Is privacy compromised when sharing SHA-1 hashed URLs?

It's better but not perfect.

While it is (currently) impossible to get the URL for a given hash, of course every URL has the same hash.

So it is not possible to see all the URLs a user browses, but it is quite likely to get most of them.

While it isn’t possible to see user A visits HASH1 and conclude that HASH1 means fancyDomainBelongingToUserA-NoOneElseVisits.com, it is for example possible to just calculate the hash for CheatOnMyWife.fancytld and then see which users visit that site.

I wouldn’t consider that to be protecting the users privacy.

Also just matching users who visit a lot of similar domains can be pretty revealing.


I think it's good that you want to protect a user's privacy, but what you're building seems to be opposed to protecting privacy, so I don't think it's possible to do with a simple setup (e.g. client sending url, in whatever form, directly to your backend service).

As others have noted, hashing using sha1 is a good first step, but it only achieves privacy against humans risking a quick glance into the database. It doesn't give you much privacy against algorithms designed to analyze the database contents.

You're leaking more than the visited url, too: The user also tells you at what time he was online and looked at the given url if you're doing real-time checking.

A few others have suggested solutions to mitigate the privacy issues. While they're all better than not doing anything, they don't solve the problem. For example, Google's solution of only sending 32 bits of the hash looks nice, but that still only maps all existing urls to a hash table with 4 billion slots. Some of these slots may contain a large number of entries, but since not all urls are equally likely to be visited (for example, facebook urls are much more likely to be visited than some primary school's homepage) and the urls of a single domain will most likely be hashed fairly evenly over the 4 billion available slots, it will still be quite easy to guess, given a set of full urls which hash to the same 32 bit prefix, which url was actually visited (especially for google, who has pagerank data on a huge number of urls out there...)

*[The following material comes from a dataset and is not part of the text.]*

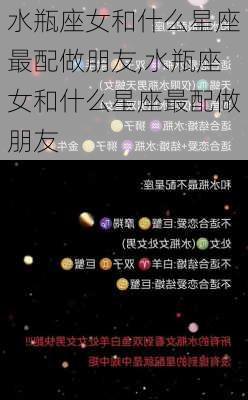 水瓶座女和什么星座最配做朋友,水瓶座女和什么星座最配做朋友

Such an attack involves someone building a rainbow table of URLs he's interested in. You could make it more difficult by

  1. Using a password hash function instead of sha1, which takes a long time to calculate the hash - but this will mean that your browser plugin seems unresponsive.
  2. Salting your hashes. Obviously you can't give every user his own salt, or all hashes for the same url provided by different users will be unique, most likely making your application pointless. But the larger your userbase grows, the less users need the same salt values. You still don't protect user privacy, but you make it harder to compute rainbow tables to find out exactly which urls were visited, and if someone does it for the salt of a specific user, only the privacy of all other users sharing his salt is compromised.

However, this still doesn't help anything at all in cases where an attacker isn't interested in the whole set of hashed urls, but only wants to answer very specific questions (e.g. which users visited urls belonging to the domains in a given "blacklist"?) Since such queries will only involve a short list (maybe a few dozen up to a few hundred thousand urls, depending on the size of the blacklist), it's trivial to hash each of them in a short amount of time, no matter what countermeasures you use to slow it down.

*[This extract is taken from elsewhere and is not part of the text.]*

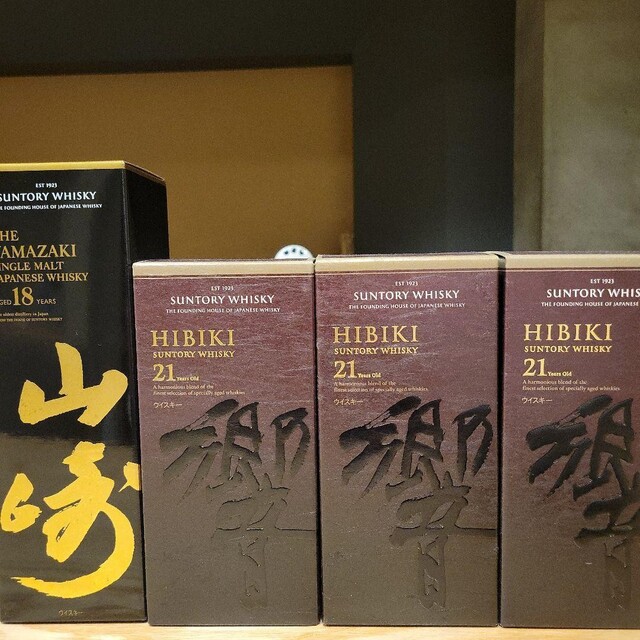 定番のお歳暮 山崎18年1本響21年3本 ウイスキー 定番のお歳暮 山崎18年1本響21年3本 ウイスキー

It's worse than that, because many websites only have a few common entry points, the most likely one being just the domain followed by an empty path. Others commonly visited paths are login pages, profile pages etc, so the number of urls you need to hash in order to determine if someone has visited a specific domain is most likely very small. If an attacker does that, he'll miss out on users who used a deep link into a website, but he'll catch most of them.

And it gets even worse: If an attacker manages to find one full url from a hash that a user provided, he might very easily get all the urls for a large part of the browsing session of that user. How? Well, since he has an url, he can dereference it with his own custom spider, look at all the links in the document, hash them and look for them in your database. Then he does the same with those links, and so on.

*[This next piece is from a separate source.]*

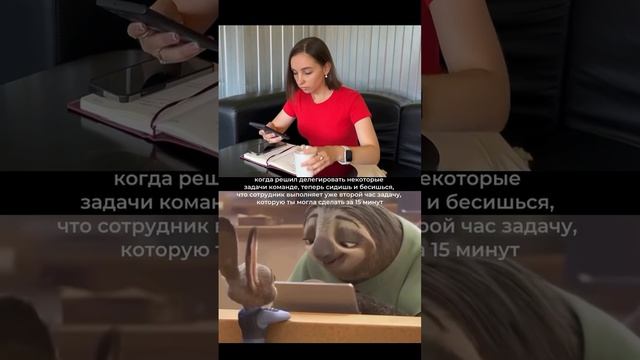 Делегирование - это непросто 😄 | SMM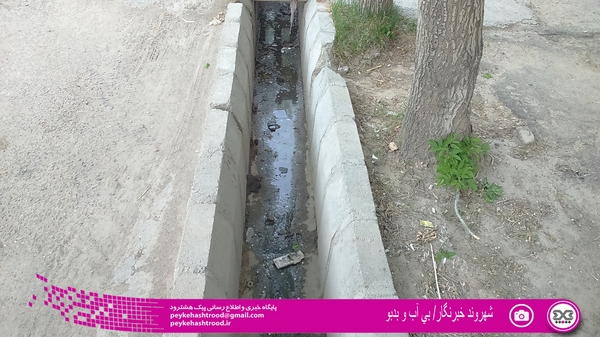تعطیلی خدمات شهرداری در روزهای تعطیل/ آقای شهردار یکبار با ساکنان محله سیلو بوی بد جوبها را استشمام کنید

So you can do a few things to make it harder, but I don't think there's a way around the user having to basically trust you with his browsing history. The only ways around that which I can see would involve building a distributed system not completely under your control and using that to collect urls, for example a kind of mixer network. Another venue might be to have the clients download large parts of your database contents, thus hiding which urls they were actually interested in, and provide new content for your database only in large packets, which would at least hide the time component of the user's browsing.


Short answer.

While you state you are concerned about your end-user’s privacy, it’s not clear who you intend to be “protecting” them from and for what reason?

  • If the core functionality of your application is to—essentially—farm user data from a client, send it to a server and deliver a result, then you as the recipient of that data will always know what that data is.
  • If your goal is to protect data in transmission from the client to the server from prying third parties, then an encryption scheme can be devised to protect transmission. But that is the absolute best you can do to protect user data.

Long answer.

First you say this:

I’m working on a small side project which involves a browser add-on and a backend service. The service is pretty simple: Give it a URL and it will check if the URL exists in a database. If the URL is found some additional information is also returned.

Then you say this:

The browser add-on forwards any URLs that the user opens to the service and checks the response. Now, sharing every URL you’re browsing is of course a big no-no.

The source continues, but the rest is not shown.